Menurut Yohana, ia akan habis-habisan memperjuangkan batas usia 19 tahun untuk menikah ini saat pembahasan bersama DPR dimulai. Ia yakin bisa meloloskan klausul ini lantaran punya pengalaman menggolkan hukum kebiri bagi pelaku kejahatan seksual. "Saya akan bersikeras. Seperti dengan hukuman kebiri," ujarnya.
Ia berdalih kehamilan di usia anak sangat berbahaya bagi perempuan lantaran risiko kematian ibu dan anak yang meningkat. Komplikasi saat kehamilan dan melahirkan, kata dia, penyebab kematian kedua terbesar untuk anak perempuan.

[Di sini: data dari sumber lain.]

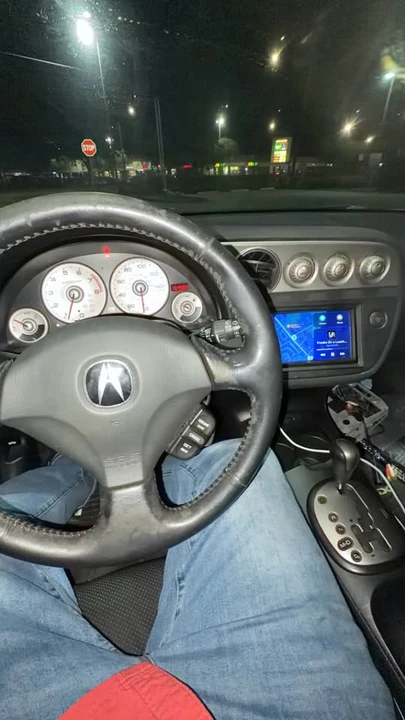 2004 Acura RSX - Image 9 of 10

Yohana berujar data Badan Pusat Statistik pada 2017 menunjukkan 1 dari 4 anak perempuan sudah menikah, 23 provinsi memiliki angka perkawinan anak di atas 25 persen, dan setiap tahunnya sekitar 340 ribu anak perempuan menikah. Menurut dia, kondisi ini mengkhawatirkan lantaran anak-anak yang menikah itu kehilangan hak-haknya.
"Ini sudah menunjukkan bahwa negara ini mengarah ke darurat perkawinan anak," ucapnya.